*Extracted records*
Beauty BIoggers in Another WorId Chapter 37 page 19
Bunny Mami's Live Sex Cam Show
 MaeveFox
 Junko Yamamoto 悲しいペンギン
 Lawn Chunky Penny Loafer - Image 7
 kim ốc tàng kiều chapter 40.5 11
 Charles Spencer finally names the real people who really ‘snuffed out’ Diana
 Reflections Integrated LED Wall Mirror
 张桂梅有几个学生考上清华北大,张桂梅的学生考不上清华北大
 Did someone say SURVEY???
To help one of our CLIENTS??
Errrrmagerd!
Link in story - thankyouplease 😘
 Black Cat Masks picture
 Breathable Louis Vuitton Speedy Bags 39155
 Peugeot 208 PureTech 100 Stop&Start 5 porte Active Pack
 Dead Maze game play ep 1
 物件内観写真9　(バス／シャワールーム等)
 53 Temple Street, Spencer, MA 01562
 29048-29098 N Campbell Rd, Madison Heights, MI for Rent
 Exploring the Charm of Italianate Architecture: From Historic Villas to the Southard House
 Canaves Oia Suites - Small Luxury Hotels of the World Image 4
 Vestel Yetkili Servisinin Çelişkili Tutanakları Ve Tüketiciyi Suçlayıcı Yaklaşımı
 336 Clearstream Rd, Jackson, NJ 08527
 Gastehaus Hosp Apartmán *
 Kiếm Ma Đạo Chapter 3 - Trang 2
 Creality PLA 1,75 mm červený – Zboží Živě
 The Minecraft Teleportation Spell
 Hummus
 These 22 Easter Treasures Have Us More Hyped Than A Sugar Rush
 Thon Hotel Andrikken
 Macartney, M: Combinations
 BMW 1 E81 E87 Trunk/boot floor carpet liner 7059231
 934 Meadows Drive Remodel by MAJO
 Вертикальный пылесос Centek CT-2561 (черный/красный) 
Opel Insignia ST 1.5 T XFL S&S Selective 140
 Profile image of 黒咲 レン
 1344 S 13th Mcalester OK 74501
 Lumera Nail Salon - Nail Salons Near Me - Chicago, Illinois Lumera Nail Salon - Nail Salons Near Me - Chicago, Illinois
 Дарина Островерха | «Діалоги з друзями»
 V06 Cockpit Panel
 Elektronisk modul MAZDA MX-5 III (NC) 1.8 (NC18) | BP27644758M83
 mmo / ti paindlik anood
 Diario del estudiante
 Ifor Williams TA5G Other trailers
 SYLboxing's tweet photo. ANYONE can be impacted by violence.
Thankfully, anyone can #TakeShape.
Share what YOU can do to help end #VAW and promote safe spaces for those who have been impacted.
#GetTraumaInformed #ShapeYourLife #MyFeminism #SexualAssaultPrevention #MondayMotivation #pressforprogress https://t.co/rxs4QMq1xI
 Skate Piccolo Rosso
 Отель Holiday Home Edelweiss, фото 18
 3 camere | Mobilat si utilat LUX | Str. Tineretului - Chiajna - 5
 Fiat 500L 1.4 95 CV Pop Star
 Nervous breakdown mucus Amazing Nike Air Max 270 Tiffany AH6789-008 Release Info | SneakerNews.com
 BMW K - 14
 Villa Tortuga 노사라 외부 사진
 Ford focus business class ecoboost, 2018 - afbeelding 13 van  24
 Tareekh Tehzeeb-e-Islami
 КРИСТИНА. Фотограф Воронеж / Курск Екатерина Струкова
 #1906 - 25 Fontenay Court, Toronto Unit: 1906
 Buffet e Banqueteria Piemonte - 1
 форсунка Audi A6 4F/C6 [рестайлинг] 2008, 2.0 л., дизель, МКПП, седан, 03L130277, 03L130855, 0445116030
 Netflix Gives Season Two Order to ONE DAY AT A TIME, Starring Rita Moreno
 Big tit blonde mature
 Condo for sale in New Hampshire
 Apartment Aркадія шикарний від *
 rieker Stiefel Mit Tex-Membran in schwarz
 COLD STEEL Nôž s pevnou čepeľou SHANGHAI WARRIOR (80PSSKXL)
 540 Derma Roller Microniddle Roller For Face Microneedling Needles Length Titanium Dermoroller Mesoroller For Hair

*PROBLEM DESCRIPTION*
Set down the lines above as they stand, starting with the first line and ending with the line that contains "V06 Cockpit Panel".

*RESPONSE TO THIS EXERCISE*
Beauty BIoggers in Another WorId Chapter 37 page 19
Bunny Mami's Live Sex Cam Show
 MaeveFox
 Junko Yamamoto 悲しいペンギン
 Lawn Chunky Penny Loafer - Image 7
 kim ốc tàng kiều chapter 40.5 11
 Charles Spencer finally names the real people who really ‘snuffed out’ Diana
 Reflections Integrated LED Wall Mirror
 张桂梅有几个学生考上清华北大,张桂梅的学生考不上清华北大
 Did someone say SURVEY???
To help one of our CLIENTS??
Errrrmagerd!
Link in story - thankyouplease 😘
 Black Cat Masks picture
 Breathable Louis Vuitton Speedy Bags 39155
 Peugeot 208 PureTech 100 Stop&Start 5 porte Active Pack
 Dead Maze game play ep 1
 物件内観写真9　(バス／シャワールーム等)
 53 Temple Street, Spencer, MA 01562
 29048-29098 N Campbell Rd, Madison Heights, MI for Rent
 Exploring the Charm of Italianate Architecture: From Historic Villas to the Southard House
 Canaves Oia Suites - Small Luxury Hotels of the World Image 4
 Vestel Yetkili Servisinin Çelişkili Tutanakları Ve Tüketiciyi Suçlayıcı Yaklaşımı
 336 Clearstream Rd, Jackson, NJ 08527
 Gastehaus Hosp Apartmán *
 Kiếm Ma Đạo Chapter 3 - Trang 2
 Creality PLA 1,75 mm červený – Zboží Živě
 The Minecraft Teleportation Spell
 Hummus
 These 22 Easter Treasures Have Us More Hyped Than A Sugar Rush
 Thon Hotel Andrikken
 Macartney, M: Combinations
 BMW 1 E81 E87 Trunk/boot floor carpet liner 7059231
 934 Meadows Drive Remodel by MAJO
 Вертикальный пылесос Centek CT-2561 (черный/красный) 
Opel Insignia ST 1.5 T XFL S&S Selective 140
 Profile image of 黒咲 レン
 1344 S 13th Mcalester OK 74501
 Lumera Nail Salon - Nail Salons Near Me - Chicago, Illinois Lumera Nail Salon - Nail Salons Near Me - Chicago, Illinois
 Дарина Островерха | «Діалоги з друзями»
 V06 Cockpit Panel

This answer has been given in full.